Directions:
Could you copy exactly the lines below from the one with "2C3CCAKG0KH536955 2019 Chrysler 300 Limited" to the one with "GFR-01325L GFR01325L ����", inclusive, leaving out any pictures?

Recorded data:
◇ ◇ ◇ ◇ ◇ ◇ ◇

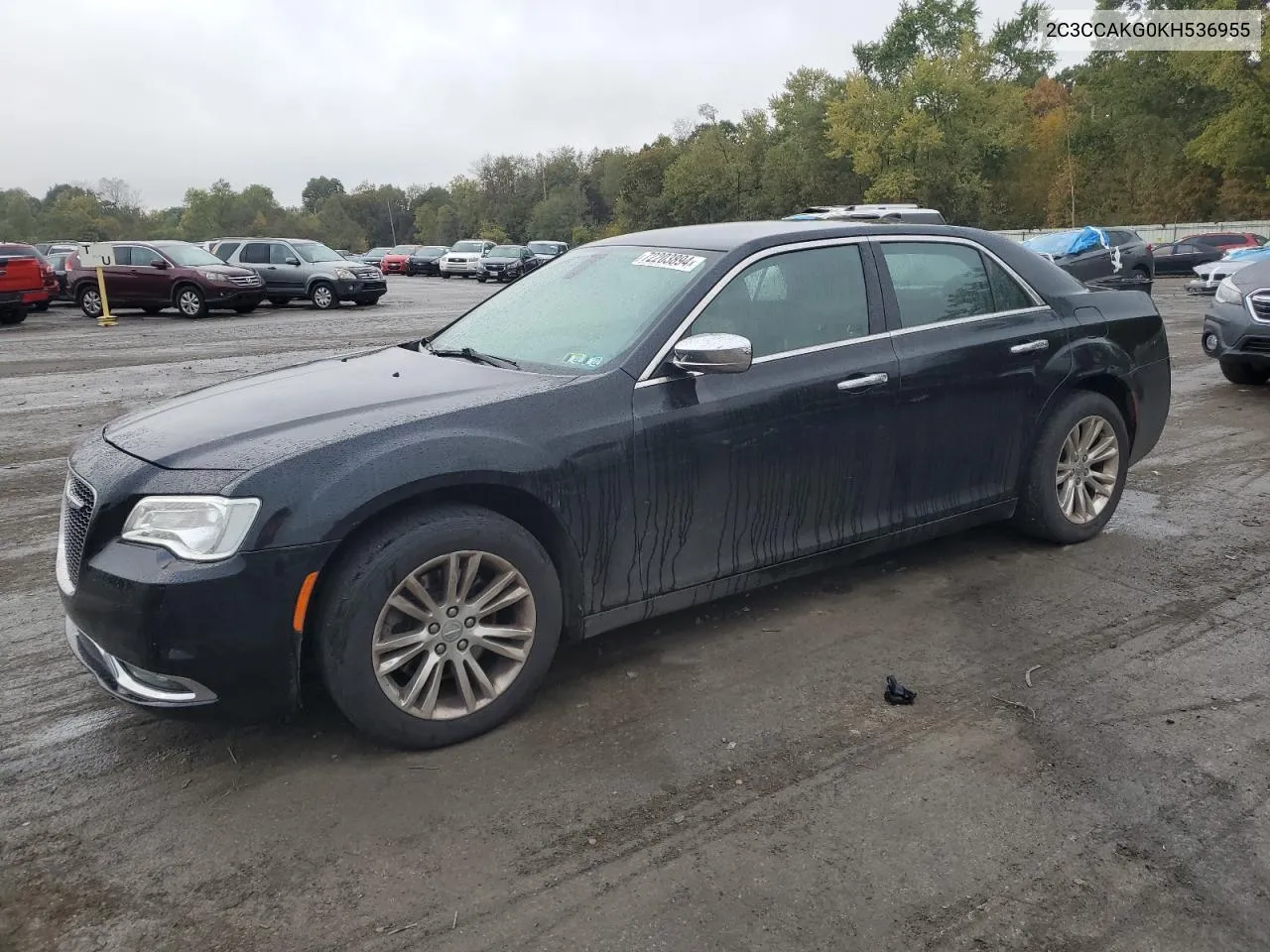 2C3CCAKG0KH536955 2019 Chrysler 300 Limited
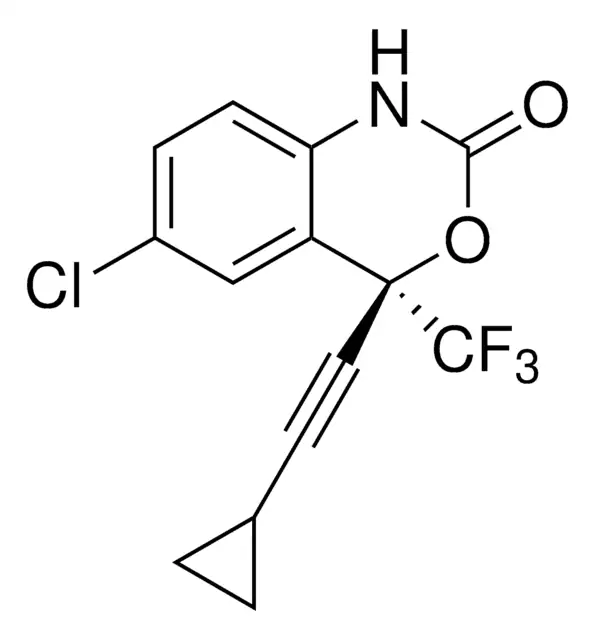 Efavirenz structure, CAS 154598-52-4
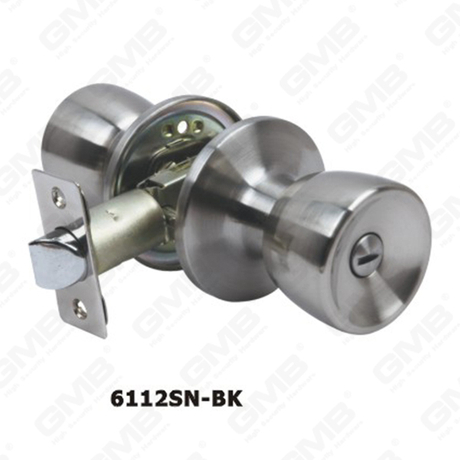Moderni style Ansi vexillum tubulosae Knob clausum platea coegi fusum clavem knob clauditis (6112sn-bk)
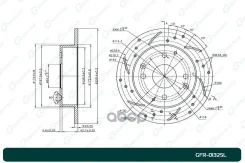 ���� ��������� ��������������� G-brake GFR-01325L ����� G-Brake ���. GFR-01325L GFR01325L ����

◇ ◇ ◇ ◇ ◇ ◇ ◇

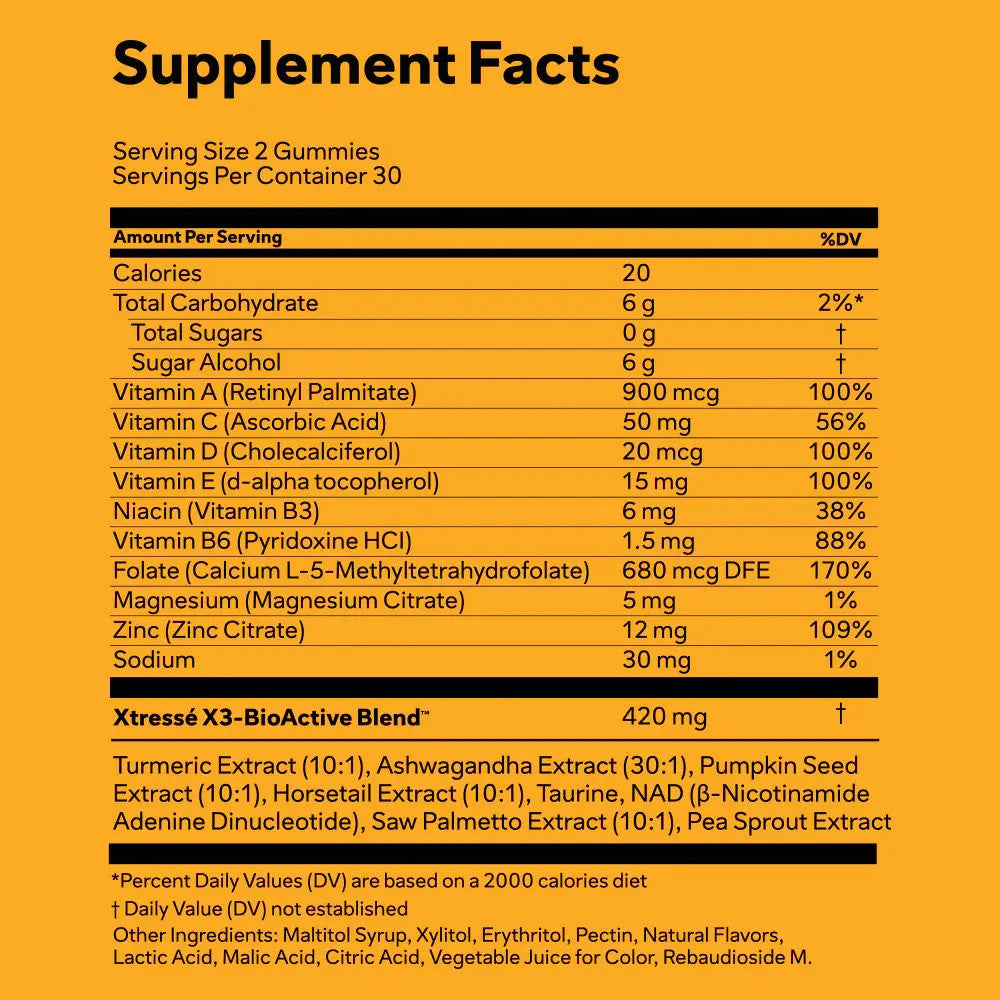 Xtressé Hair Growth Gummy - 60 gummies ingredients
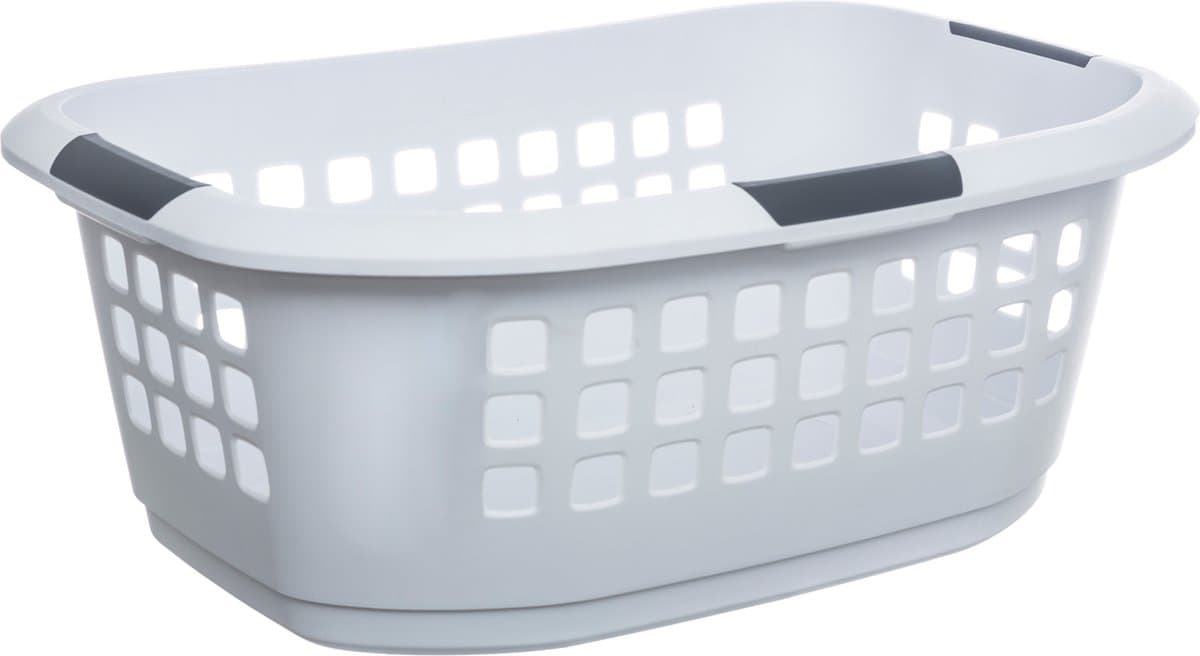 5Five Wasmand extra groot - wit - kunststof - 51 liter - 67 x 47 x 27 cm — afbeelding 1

◇ ◇ ◇ ◇ ◇ ◇ ◇

Response:
 2C3CCAKG0KH536955 2019 Chrysler 300 Limited
 Efavirenz structure, CAS 154598-52-4
Moderni style Ansi vexillum tubulosae Knob clausum platea coegi fusum clavem knob clauditis (6112sn-bk)
 ���� ��������� ��������������� G-brake GFR-01325L ����� G-Brake ���. GFR-01325L GFR01325L ����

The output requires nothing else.